Why stacking? The meta-learner learns which base model to trust for which type of input — correcting individual model errors and achieving higher accuracy than any single model alone.

⚡ Real-Time Detection Pipeline

 Step 1  ─►  Capture raw packets via Scapy
 Step 2  ─►  Maintain per-flow statistics in memory
 Step 3  ─►  Extract 6 feature values per flow
 Step 4  ─►  Pass feature vector to stacked ML model
 Step 5  ─►  Receive attack probability score (0.0 – 1.0)
 Step 6  ─►  Apply threshold (default: 0.6)
              │
              ├──► score ≥ 0.6 → 🚨 ATTACK
              └──► score < 0.6 → ✅ BENIGN
 Step 7  ─►  Log result to CSV + MongoDB
 Step 8  ─►  Push alert to React Dashboard via REST API

📈 Evaluation Metrics

Metric	What It Measures
Accuracy	Overall correct predictions across all classes
Precision	How many flagged alerts are true attacks (minimizes false positives)
Recall	How many real attacks are caught (minimizes missed detections)
F1-Score	Harmonic mean of Precision and Recall
ROC-AUC	Threshold-independent discrimination ability

📊 Dashboard Features

🔴 Real-Time Monitoring

Live attack alerts with timestamp, source/destination IPs, and probability score
Continuously updated benign traffic log

📉 Visualizations

Chart	Purpose
Pie Chart	Attack vs Benign traffic distribution
Line Chart	Attack frequency trend over time

🗂️ Traffic Log Table

Column	Description
Source IP	Origin address
Destination IP	Target address
Timestamp	Detection time
Prediction	🚨 ATTACK / ✅ BENIGN
Probability	Model confidence score

🔎 Filters & Export

Search logs by IP address
Filter by prediction label (ATTACK / BENIGN)
Time range selection
Export to CSV or PDF

📂 Project Structure

ML_NIDS/
│
├── 📁 data/                        # CICIDS2018 dataset files
│   └── *.csv                       # Raw and preprocessed data
│
├── 📁 detection-engine/            # Python ML core
│   ├── realtime_detector.py        # Main detection loop
│   ├── feature_extractor.py        # Flow-based feature computation
│   ├── simulate_attack.py          # Attack traffic generator
│   └── 📁 models/                  # Trained .pkl model files
│       ├── random_forest.pkl
│       ├── xgboost_model.pkl
│       ├── lightgbm_model.pkl
│       └── stacked_ensemble.pkl
│
├── 📁 server/                      # Node.js + Express backend
│   ├── 📁 models/                  # Mongoose schemas
│   ├── 📁 routes/                  # API route handlers
│   └── server.js                   # Entry point (port 5000)
│
├── 📁 client/                      # React frontend
│   ├── 📁 components/              # Reusable UI components
│   ├── 📁 pages/                   # Dashboard pages
│   └── App.js                      # Root component (port 3000)
│
├── 📁 logs/                        # CSV detection logs
├── 📁 docs/                        # Reports & analysis notebooks
└── README.md

🚀 Installation & Setup

Prerequisites

Make sure the following are installed and running before setup:

Requirement	Version
Python	3.10+
Node.js	16+
MongoDB	Running locally (default port 27017)
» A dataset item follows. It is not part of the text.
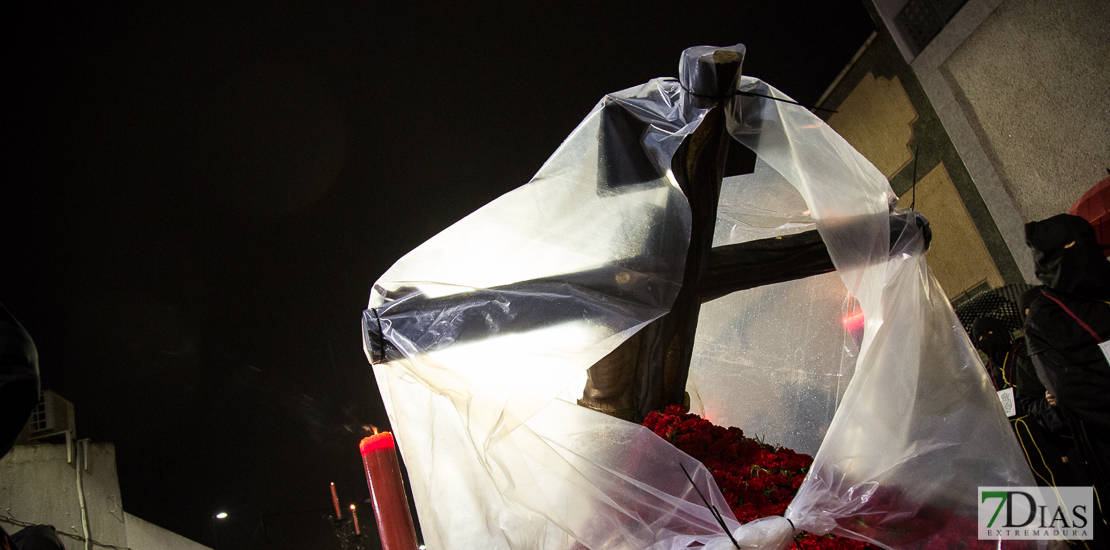 La madrugada del Jueves procesiona por las calles de Badajoz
Step 1 — Clone the Repository

git clone https://github.com/ManojThamke/ML_NIDS.git
cd ML_NIDS

Step 2 — Python Environment Setup

# Create and activate a virtual environment
python -m venv venv

# Windows
venv\Scripts\activate

# macOS / Linux
source venv/bin/activate

# Install Python dependencies
pip install pandas numpy scikit-learn joblib scapy matplotlib seaborn xgboost lightgbm

Step 3 — Start the Detection Engine

cd detection-engine
python realtime_detector.py

⚠️ Permissions required: Run as Administrator on Windows or with sudo on Linux/macOS for raw packet capture.
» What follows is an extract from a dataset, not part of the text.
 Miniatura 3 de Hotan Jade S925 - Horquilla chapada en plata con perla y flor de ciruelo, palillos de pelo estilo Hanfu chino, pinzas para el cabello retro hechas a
Step 4 — Start the Backend Server

cd server
npm install
npm start

Backend REST API runs at http://localhost:5000

Step 5 — Launch the React Dashboard

cd client
npm install
npm start

Dashboard accessible at http://localhost:3000

🧪 Testing Strategy

✅ Benign Traffic Simulation

Normal web browsing
Video/audio streaming traffic

🚨 Attack Simulation

Run these commands from within the detection-engine/ directory:

python simulate_attack.py --type udp_flood
python simulate_attack.py --type port_scan
python simulate_attack.py --type syn_flood

Attack Type	Method	Description
UDP Flood	Scapy UDP packet burst	Overwhelms target with UDP datagrams
Port Scan	Sequential port probing	Identifies open ports on target host
SYN Flood	Half-open TCP connections	Exhausts server connection table

📌 Results & Achievements

Metric	Result
🎯 Detection Accuracy	~90%+ on CICIDS2018 test set
⚡ Real-Time Monitoring	✅ Fully functional
🧬 Ensemble Improvement over Single Models	✅ Confirmed
📊 Live Dashboard with Alerts	✅ Operational
📁 Dual Logging (CSV + MongoDB)	✅ Working

⚠️ Limitations

Limitation	Details
Computational overhead	Ensemble inference is slower than single models
Feature dependency	Detection quality is tied to feature engineering quality
Hardware sensitivity	Performance varies on low-resource machines
Dataset gap	Trained on CICIDS2017; real-world accuracy may differ

🔮 Future Scope

Enhancement	Description
🧠 Deep Learning	LSTM / CNN / Transformer models for sequential traffic analysis
☁️ Cloud Deployment	Containerized deployment on AWS / Azure / GCP
🔥 Auto-Blocking	Automatic firewall rule injection on confirmed attack detection
⚡ WebSocket Streaming	True real-time push to frontend (replacing polling)
📱 Mobile Dashboard	React Native monitoring app for on-the-go alerting
🔍 Explainability	SHAP / LIME integration for interpretable predictions
🗂️ Multi-Dataset Support	Extend to NSL-KDD, UNSW-NB15 for generalization testing

👨‍💻 Author

Manoj Thamke
Final Year B.E. — Information Technology

📜 License

This project is developed for academic and educational purposes. You are free to reference, study, and build upon it with attribution.

🤝 Contributing

Contributions, suggestions, and improvements are welcome!

1. 🍴 Fork the repository
2. 🌿 Create a feature branch     →  git checkout -b feature/your-feature
3. 💬 Commit your changes         →  git commit -m 'Add: your feature description'
4. 📤 Push to your branch         →  git push origin feature/your-feature
5. 🔁 Open a Pull Request

Please ensure your code follows existing conventions and is well-documented.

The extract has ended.